Auditlog: Patching Causes Failures in Other Unit Tests
Describe the Bug
When auditlog creates a rule during tests (e.g., for res.partner), it monkey-patches methods like res.partner.write and keeps a snapshot of the then-current implementation (usually the base method). If another addon (e.g., partner_contact_address_default) overrides write(), that override is skipped in tests and the call goes to the older base implementation. This causes other addons’ test cases to fail. In normal UI/server runs, everything works as expected; the problem appears only in test runs.
Impacted Versions
- 16.0
Haven't checked in other versions
To Reproduce
Run tests together with auditlog and other addons (for example, partner_contact_address_default).

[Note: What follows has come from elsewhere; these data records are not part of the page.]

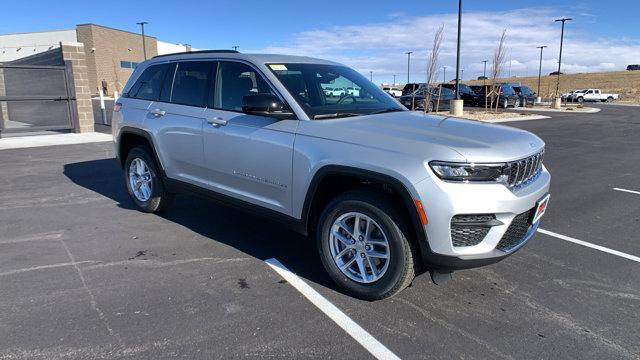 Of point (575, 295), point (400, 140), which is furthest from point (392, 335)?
point (575, 295)

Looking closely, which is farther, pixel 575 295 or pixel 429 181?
pixel 575 295

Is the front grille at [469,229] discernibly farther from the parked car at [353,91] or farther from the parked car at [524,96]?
the parked car at [524,96]

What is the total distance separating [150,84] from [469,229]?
163 inches

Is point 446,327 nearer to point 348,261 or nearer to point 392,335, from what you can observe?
point 392,335

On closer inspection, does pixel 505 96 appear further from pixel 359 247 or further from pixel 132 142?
pixel 359 247

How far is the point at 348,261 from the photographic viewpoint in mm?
3695

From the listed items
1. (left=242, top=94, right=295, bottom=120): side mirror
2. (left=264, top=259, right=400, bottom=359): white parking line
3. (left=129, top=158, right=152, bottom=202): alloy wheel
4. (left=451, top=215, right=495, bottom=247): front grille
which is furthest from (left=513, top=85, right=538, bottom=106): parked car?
(left=451, top=215, right=495, bottom=247): front grille

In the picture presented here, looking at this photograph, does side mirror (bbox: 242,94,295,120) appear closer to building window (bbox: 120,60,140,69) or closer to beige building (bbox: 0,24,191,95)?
beige building (bbox: 0,24,191,95)

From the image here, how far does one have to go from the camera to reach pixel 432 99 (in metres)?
25.4

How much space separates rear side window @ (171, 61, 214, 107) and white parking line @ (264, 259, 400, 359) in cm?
185

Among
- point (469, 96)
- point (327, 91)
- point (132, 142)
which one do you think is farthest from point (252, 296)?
point (469, 96)

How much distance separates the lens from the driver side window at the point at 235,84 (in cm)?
430

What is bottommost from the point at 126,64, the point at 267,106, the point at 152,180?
the point at 152,180

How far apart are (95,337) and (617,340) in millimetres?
3361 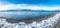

A similar issue is also occurring with the base_user_role module, as described in https://github.com/OCA/server-backend/issues/321#issue-2632230540.
@qrtl QT5614
@amh-mw You might be interested in this issue.
This is why monkey patching has such a bad reputation.
My suspicion is that we should not be patching the model class because we'd be patching some MetaModel's magic method. Instead, we might want to try and investigate the __mro__ to see if we can safely patch (and unpatch) the first 'regular' model class.
Found a place where Odoo still applies monkeypatches to ORM models itself. When patching models, it still applies the same mechanism as auditlog does (showing that auditlog was a discarded Odoo module a long time ago): https://github.com/odoo/odoo/blob/5915842/addons/base_automation/models/base_automation.py#L929-L935 (nb. it uses self.env.registry[model] which seems to yield the same result as type(self.env[model]) in auditlog).
Interestingly, when unpatching models, it just strips off the method attributes from the object, not bothering with putting back the original method: https://github.com/odoo/odoo/blob/5915842/addons/base_automation/models/base_automation.py#L970C1-L978C25.
This is in line with my suspicion that what we are patching is the MetaModel and we should adjust our patching strategy to that fact, but its approach looks rather more straightforward. I suspect that if we refactor auditlog to follow the same approach when tearing down auditlog patches (e.g. in tests) it will solve the problem of loading additional write/create/unlink overrides afterwards.